# Crown Royal 7300e reviews?  Personal experiences?



## Mr4btTahoe (Feb 19, 2021)

Hey guys...

So my wife and I are strongly considering stepping up to a CR 7300E outdoor boiler/gasifier for heating our home, shop, and domestic hot water.  We were looking at both the 7300e and the CB 560 Titanium.

For the price, the 7300e seems to have higher heat output, more water storage, and a similar overall design.

Anyone here with personal experience with this unit?  Anything to be aware of or look out for?  Any common issues?

We'll be coming from an '80s model wood stove as primary heat.  It eats a LOT of wood.  Based on what I'm seeing, I wont be consuming much more wood than I already do.  (A heaping wheelbarrow per day).  Think my consumption will be similar?

Those with OWBs..   what do you fill the boiler with?  Our tap water sucks.  Would distilled be OK?

Thanks for the input.  I'm a boiler newb.


----------



## andym (Feb 19, 2021)

Mr4btTahoe said:


> Hey guys...
> 
> So my wife and I are strongly considering stepping up to a CR 7300E outdoor boiler/gasifier for heating our home, shop, and domestic hot water.  We were looking at both the 7300e and the CB 560 Titanium.
> 
> ...


I have no experience with either one, but did research them a little at one point. Two things I would compare: combustion fan, is it forced draft or induced? That makes some difference on smoke spillage when loading. Also: which is easiest to clean?


----------



## E Yoder (Feb 20, 2021)

CB is forced draft, manual scraping on heat exchanger, mild steel water jacket, stainless firebox. Does have monitoring from your phone. 
Crown is all 409 stainless, induced draft, spiral turbulators to scrape ash with external handle. Basic control (no wifi). 

Dealer support would be a major factor in any decision.


----------



## sloeffle (Feb 21, 2021)

If I was to buy a OWB, Heatmaster and Crown Royal would be at the top of my list. I'd pass on CB or Woodmaster since they are essentially the same boiler. There are some good OWB groups on Facebook and there are many horror stories about CB boilers.


----------



## Case1030 (Feb 21, 2021)

Yeah I agree with @sloeffle and would pass on Central Boiler. There cleaning is time consuming and if not done often enough your efficiency really takes a hit.

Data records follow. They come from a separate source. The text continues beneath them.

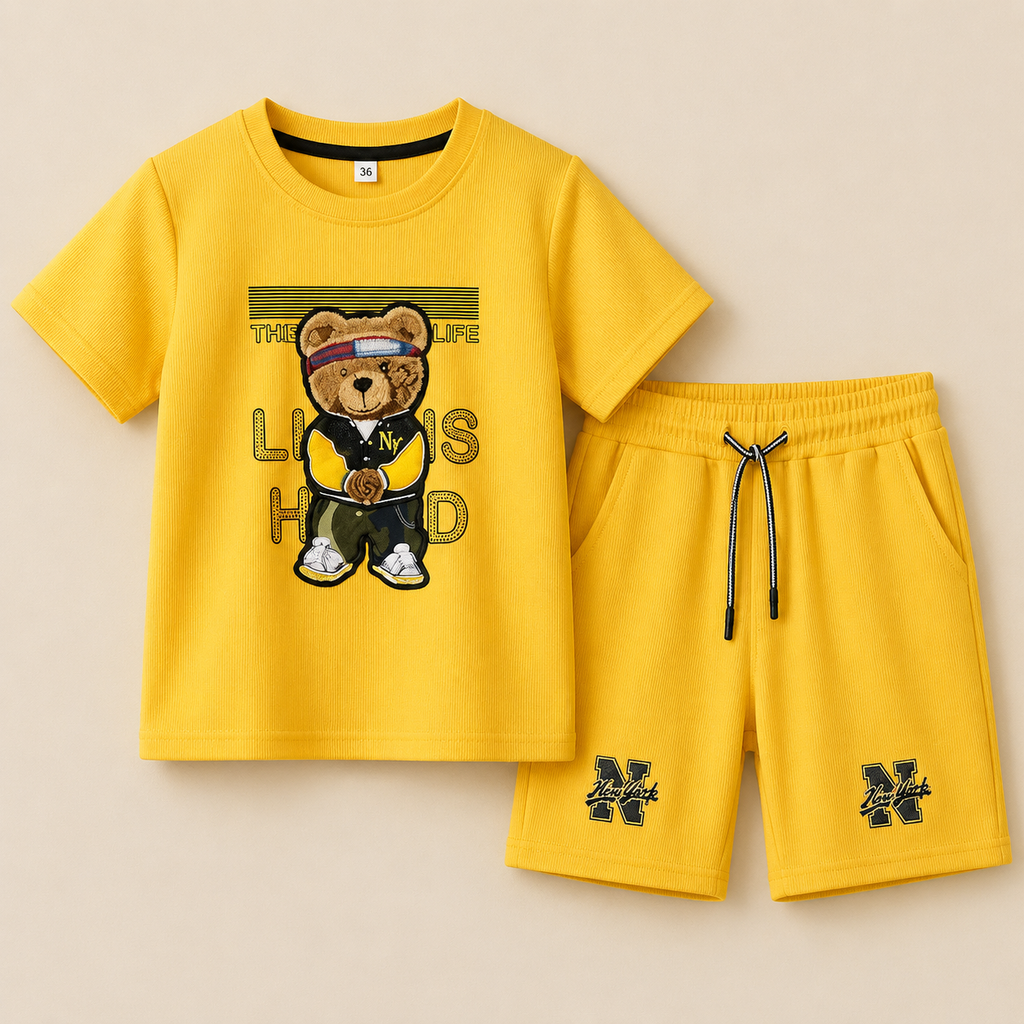 Boys NY Bear Yellow 2-Piece Set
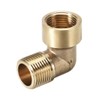 sourcing map Brass Pipe Fitting 90 Degree Elbow 3/8 (BSP)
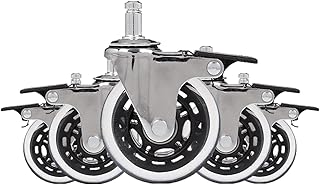 hjh OFFICE 729401 Ruedas para Suelo Duro ROLO Skate Cromado diámetro 11 mm / 75 mm con Freno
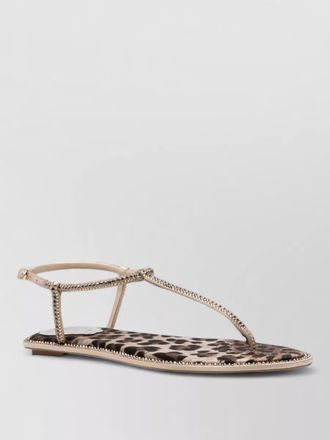 Rene Caovilla leopard print crystal thong strap flat sandals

Also I recently found out this whole "Titanium" deal is a marketing gimmick... kinda says alot about a company. I won't need to go into much deal but to keep it simple add 1% gold and 99% Iron to a pile and label everything as gold enhanced.


----------



## Billyboy (Apr 23, 2021)

I just finished my first heating season with the 7300e CR and I loved it. I heated a detached  2 car garage with a bonus room above and my 2000 sq foot house and only used about 5 1/2 cords of well seasoned hardwood. I kept the garage at 75 degrees and the house at 77 . Cleaning it took about 20 minutes every 4 weeks.
I only kept the garage that warm to see how it would perform the first year.


----------